An actor/comedian and neighbor of a chest surgeon who alleges his career was impaired when Los Angeles police officers took him into custody in 2014 said in a deposition read to a jury Thursday that the doctor was taken to the ground before he was handcuffed.

The account by Bob Saget contradicted the accounts of several LAPD officers who previously testified during the trial of Dr. Michael Richman’s Los Angeles Superior Court excessive force suit that the surgeon was kept on his feet the whole time.

The 62-year-old Saget, whose acting roles include that of Danny Tanner on the ABC sitcom “Full House,” did not appear in court Thursday. His deposition testimony was read to jurors by plaintiff’s attorney Dale Galipo.

Richman’s attorneys maintain their client’s left wrist was permanently injured after officers threw him to the ground outside his Brentwood home on Aug. 26, 2014. Officers went to the home on a 911 call from an estranged girlfriend of Richman’s that he was considering suicide.

But Deputy City Attorney Geoffrey Plowden said officers patiently waited nearly two hours before the doctor complied with demands to come out of the Bundy Drive residence. He said Richman was never taken to the ground and that his only complaint to officers was that his handcuffs were too tight, prompting them to replace the metal cuffs with a plastic version.
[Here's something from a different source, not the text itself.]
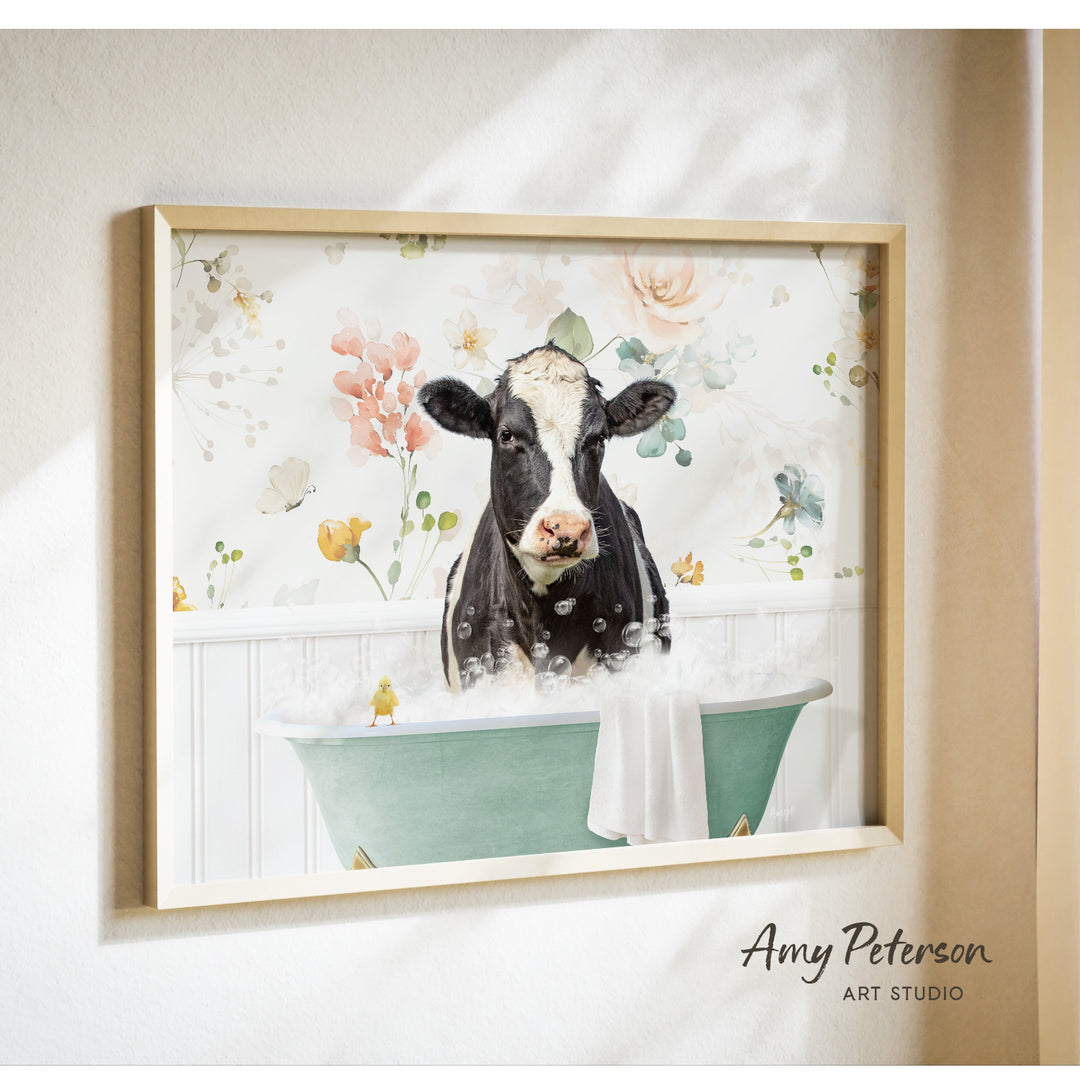 A framed print of a black and white cow sitting in a green bathtub filled with bubbles, surrounded by a floral pattern.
Saget said he was in a bedroom of his home across the street from Richman’s when he heard sirens and saw lights and four to six patrol cars. He said he did not know Richman.

An officer said over a microphone, “Come out with your hands up,” according to Saget. “I was a little fearful because I didn’t know what was going on.”

Saget said Richman came out of the house a first time, but then went back inside.

“My view is that when he came out the first time he was scared or he forgot something,” Saget said.

Saget said that when the doctor came out a second time he saw Richman, who had no shirt or shoes on, taken to the ground on his knees by officers just before the doctor was handcuffed.

Saget described the takedown as a “slow-motion process” that “seemed like a non-violent exercise. It didn’t appear pressure was applied to put him on the ground.”

Richman was then put in the back of a patrol car and driven away, Saget said.

“It looked like it was being done the way I’d like to be arrested,” Saget said.

Richman was taken into custody under a section of the Welfare and Institutions Code that allows a person to be held in a psychiatric hospital against their will for up to 72 hours.

Saget also is known for hosting “America’s Funniest Home Videos” in 1989-97.